▶ **Task directions**: From the records below, please print only the lines from the one containing "Авторизованный сервисный центр" through the one containing "英雄联盟钻石段位账号价格分析及购买建议", both included. Skip the pictures.

▶ **Records for processing**:
════════════════════
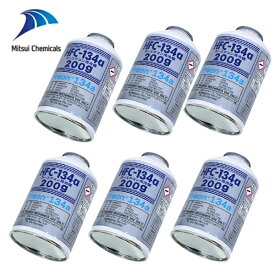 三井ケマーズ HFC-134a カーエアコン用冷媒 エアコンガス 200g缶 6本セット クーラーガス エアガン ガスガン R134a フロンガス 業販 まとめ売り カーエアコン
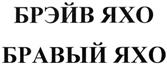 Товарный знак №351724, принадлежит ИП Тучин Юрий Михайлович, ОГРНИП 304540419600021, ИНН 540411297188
════════════════════
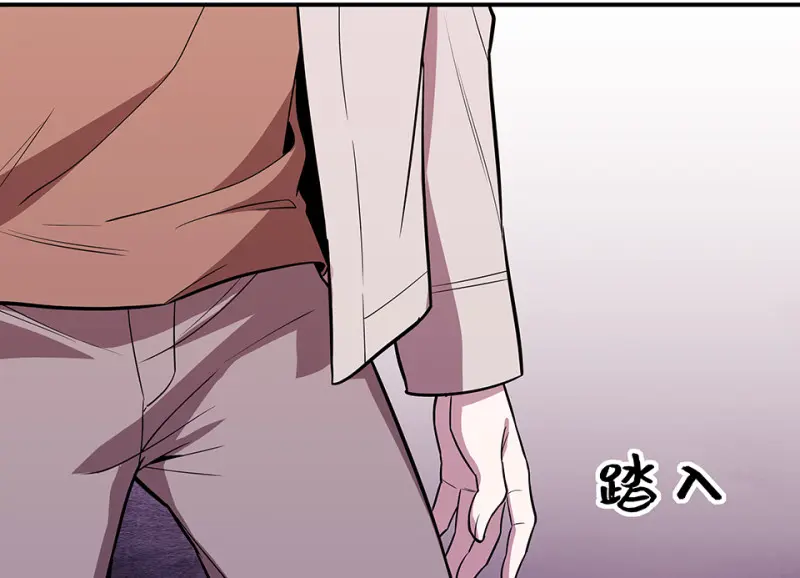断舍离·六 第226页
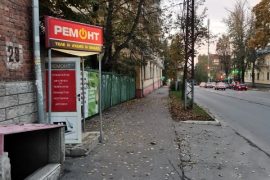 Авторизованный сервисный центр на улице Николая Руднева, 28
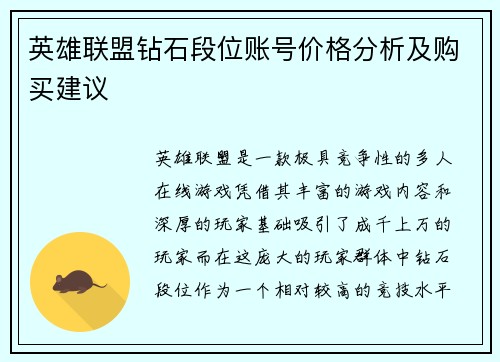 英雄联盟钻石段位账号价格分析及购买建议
════════════════════
▶ **Expected answer**:
 Авторизованный сервисный центр на улице Николая Руднева, 28
 英雄联盟钻石段位账号价格分析及购买建议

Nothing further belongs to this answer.